I retweeted this retweet above last night and CTV's Tom Popyk contacted me via Twitter wanting to know how I was involved with the Paralympics. I said that I wasn't, that I was just a supporter who had volunteered at Vancouver 2010 and seen a couple of games and just wanted to continue spreading the good word. He asked permission to pass my details on to the CTV news desk, to which I assented, and in the meantime, I got to thinking.
Why do we cheer on the
Jamaican bobsled team? Canada, in particular, is a nation that loves to cheer
on the underdog (and they're not the only ones). It’s an empathy thing. As a non-athlete, I can appreciate the efforts the team
made to even get to the Olympic Games – the hard work, the determination, the fundraising.

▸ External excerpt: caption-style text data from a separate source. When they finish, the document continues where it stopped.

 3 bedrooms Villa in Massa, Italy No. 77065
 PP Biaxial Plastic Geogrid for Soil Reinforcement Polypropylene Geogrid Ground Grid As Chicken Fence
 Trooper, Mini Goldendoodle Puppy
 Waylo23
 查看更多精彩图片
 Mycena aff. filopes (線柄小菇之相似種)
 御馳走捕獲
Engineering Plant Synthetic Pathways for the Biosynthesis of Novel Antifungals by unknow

So, now that the Olympics are over, let’s shift that focus to the Paralympics,
and lose the empathy, these athletes don’t need it. They need the support of
their nation.
I am inspired by the
drive, the passion, the commitment, the never-say-die attitude, the courage,
the skill, the sheer physical strength these athletes possess and display every day. I ‘can’t’

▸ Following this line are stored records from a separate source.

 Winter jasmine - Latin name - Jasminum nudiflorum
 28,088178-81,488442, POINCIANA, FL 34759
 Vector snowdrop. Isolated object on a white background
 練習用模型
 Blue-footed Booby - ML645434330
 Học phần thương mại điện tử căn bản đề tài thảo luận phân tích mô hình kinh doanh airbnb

even get my somewhat corpulent body to yoga on a regular basis and there are
men and women doing biathlon (that’s the one with a distance cross-country
skiing and a sharpshooting component) in three different ways: sitting, standing,
visually impaired! You don't want to watch me curl. Well, you might for the sheer comedic value.
Did you know there are
Super G, Slalom Combined, Downhill Combined events for the visually impaired
(as well as standing and sitting)? These folks have the chutzpah to hurtle
themselves off a mountain and slalom around gates feeling only the wind on
their faces and the roar of the crowd without the ability to see but have
absolute trust in their skiing guide to turn on a dime when needed. If you
haven’t had enough of hockey or curling – Canada has a team in both wheelchair
curling and sledge hockey. I saw Canada play Italy at Vancouver 2010 – Canada’s
got game. Actually, Canada will have game in all six Paralympic disciplines: para-snowboard, para-alpine skiing, para-Nordic skiing, biathlon, sledge hockey and wheelchair curling.
The National
Paralympic Committee has it 100% correct when they say focus on what’s there,
not what is missing (http://paralympic.ca/news-and-events/press-releases/canadian-paralympic-committee-launches-sochi-2014-campaign-to-build).

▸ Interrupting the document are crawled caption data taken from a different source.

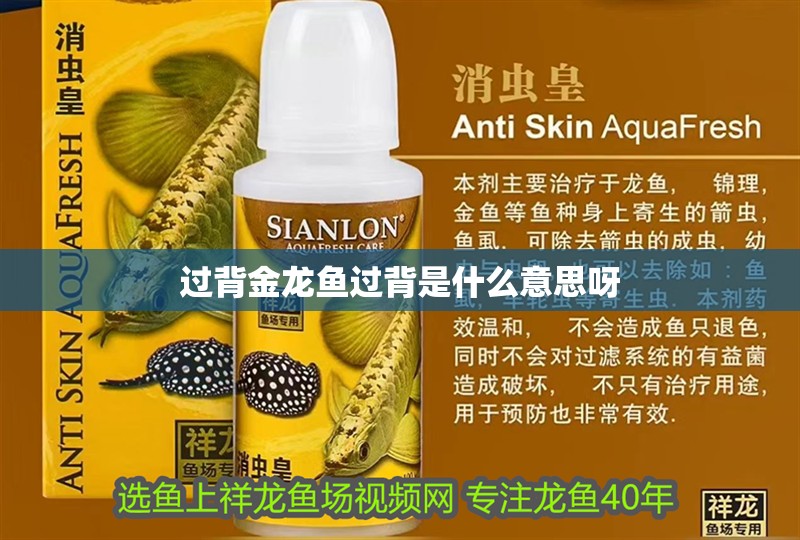 過背金龍魚過背是什么意思呀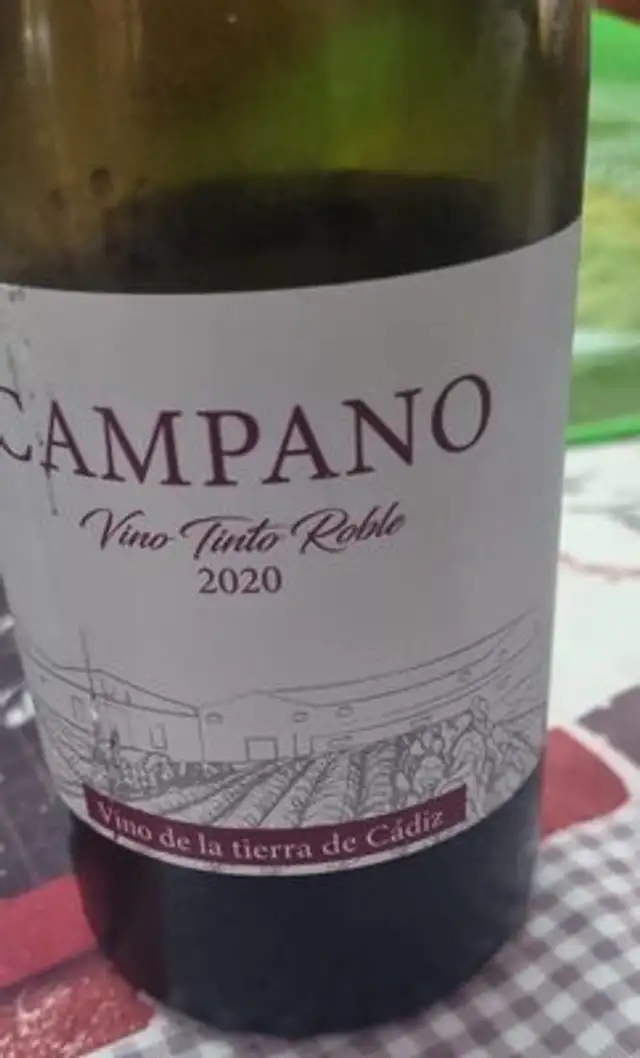 Campano
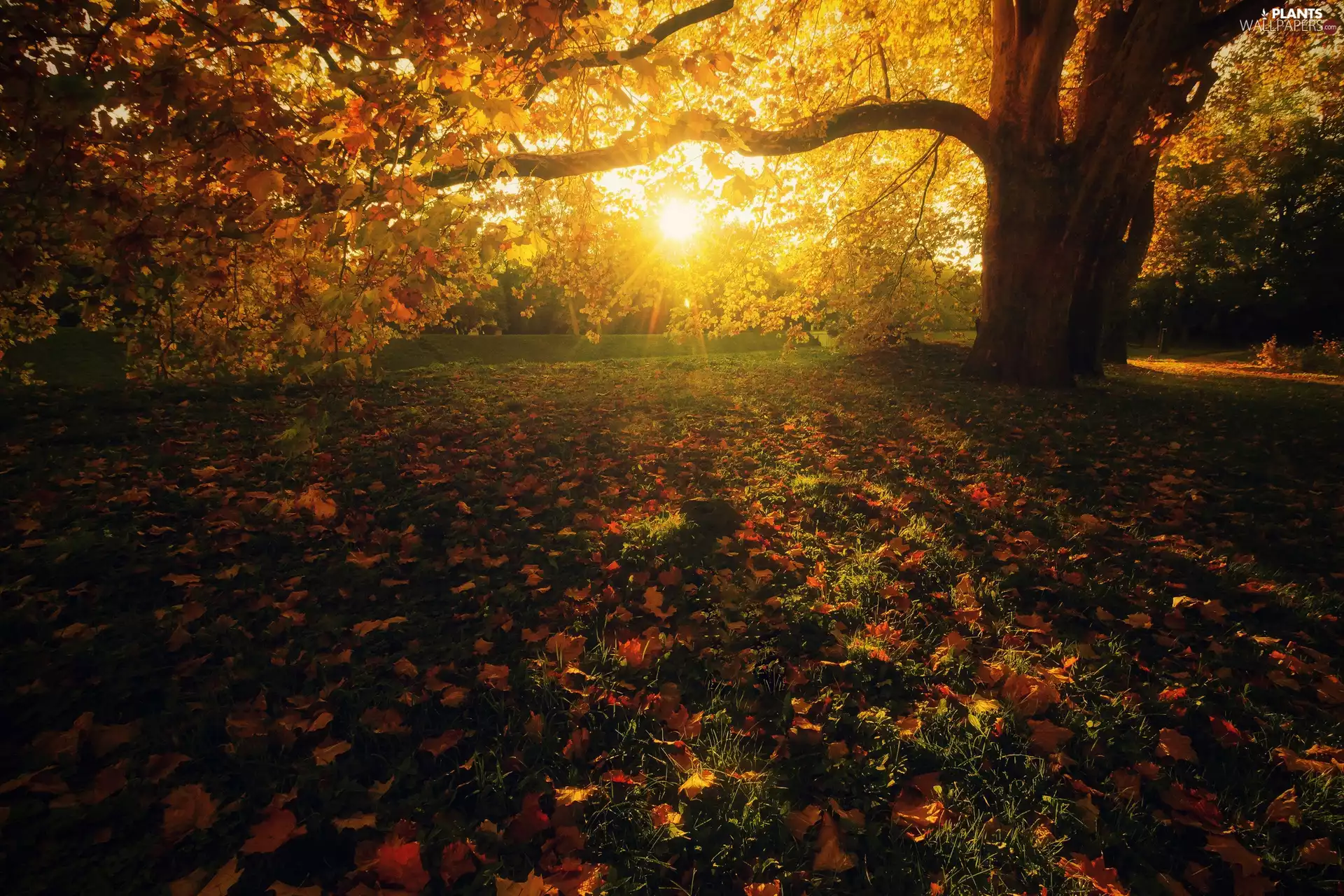 viewes, Park, Leaf, rays of the Sun, autumn, trees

When I first saw the ads, I thought they were brilliant.
Paralympians are
athletes, full stop. Athletes exhibiting all the same qualities we admire so
much in Olympic athletes; what they are limited by are the limitations
outsiders place upon them. These are elite-level athletes who have already
proven that they can do whatever they set their minds to. WE are the ones with
the limits, so let us not just continue to marvel at what they do ‘despite’ – they
achieve the so-called impossible on a regular basis. Let us be inspired by what
these superb athletes can do ‘with’ - and with their nation behind them. Every
single one of them has earned our respect and then some.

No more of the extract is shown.